Postman 1985; Meyrowitz 1985; Thompson 1995), and it has also become an important
part of the intellectual heritage of media analyses. His ideas have nevertheless also provoked equally numerous – or perhaps even more numerous – critical readings and debates. One of the most frequent lines of criticism has had to do with his style of writing, as it was never academic in the original sense of the
word. He used flowery language in his efforts to interpret the ways in which broadcasting media would transform human beings, cultures and societies. But even beyond his aphorisms, “probes”, and speculative formulations, critical readers of his medium theory have also found additional and more substantially problematic dimensions. Without going into all the details of this criticism, it is important to point out that
these numerous critiques have been especially keen on noticing the many ways in which Marshall McLuhan seems to have been blinded by his own close readings of the technological possibilities of new media. His efforts to predict the new media’s potential social, cultural, and political consequences based on interpretations of their formal qualities caused McLuhan to be technologically deterministically insensitive to
the ways in which media always develop embedded within a nexus of social, political and economic relations.
This tradition is less helpful, however, when it comes to thinking about the social organization of the media industries, about the ways in which the media are interwoven with the unequal distribution of power and resources, and about how individuals make sense of media products and incorporate them into their lives
(Thompson 1995). These are fairly well-known deficits in McLuhan’s theories, as well as in the theories of
many other medium theorists, and for the argumentation I am about to develop here, it is only necessary to comment briefly on parts of this criticism – especially those parts concerning the tradition’s lack of applicability when it comes to analyzing the media industry, and its tendency to overlook the ways in which individuals understand and make use of media products.
Contrary to what many critiques claim about these analyses of the ecology of broadcasting, medium theorists in general – and Marshall McLuhan in particular – did actually analyse the media users and/or audiences, but in their own rather peculiar ways, rarely through the use of empirical data, and always without sociological conceptualizations of the users.
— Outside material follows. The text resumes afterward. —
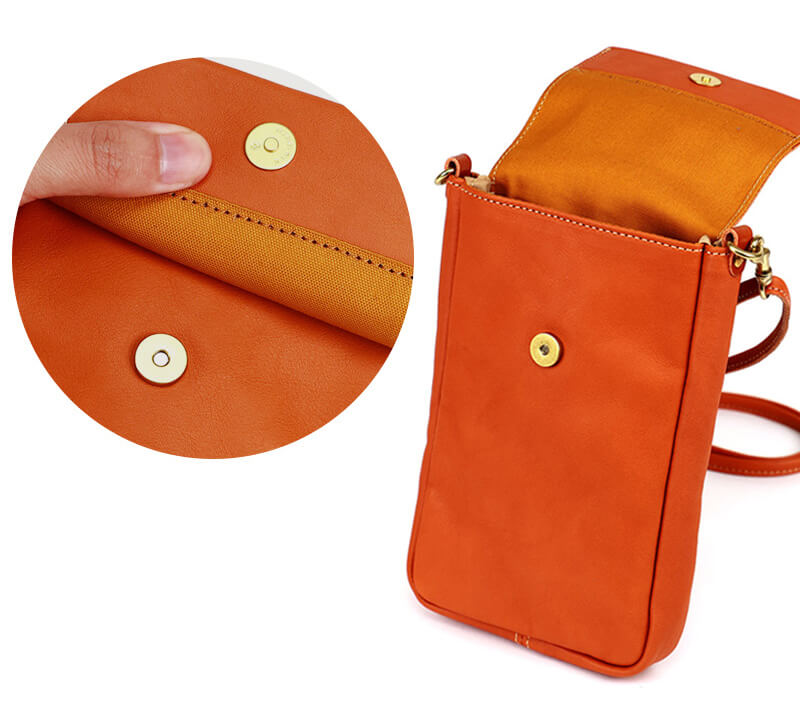 メインの収納部はマグネットホック付き。中身の飛び出しを防ぎます。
Rather than digging into empirical research, or qualifications of the sociological
characteristics of the users, McLuhan preferred to analyse users from a theoretical and more speculative point of departure. Hence, his writings actually contained a large number of theoretically well-informed suggestions about the possible consequences of the application of new media. These ideas were also rather elaborated, but empirical analyses of users and audiences were deliberately left out.
If the audiences, or the users, were theoretically present but empirically absent in McLuhan’s writings, the producers and/or media organizations were more genuinely absent in his efforts to grasp the new ecology brought about by broadcasting media. Simply put, media producers as well as the organizations producing media content were hardly a category of interest to McLuhan, nor was the overall social organization of the
media industry. This missing element is also one of those aspects of McLuhan’s writings that were most severely criticized in Raymond Williams’ (1974) classical, critical reading of McLuhan: If the effect of the medium is the same, whoever controls or uses it, and whatever apparent content he [sic!] may try to insert, then we can forget ordinary political and cultural argument and let the technology run itself. It is hardly surprising that
this conclusion has been welcomed by the “media-men” of the existing institutions. It gives the gloss of avant-garde theory to the crudest versions of their existing interests and practices, and assigns all their critics to pre-electronic irrelevance (1974/1990:128).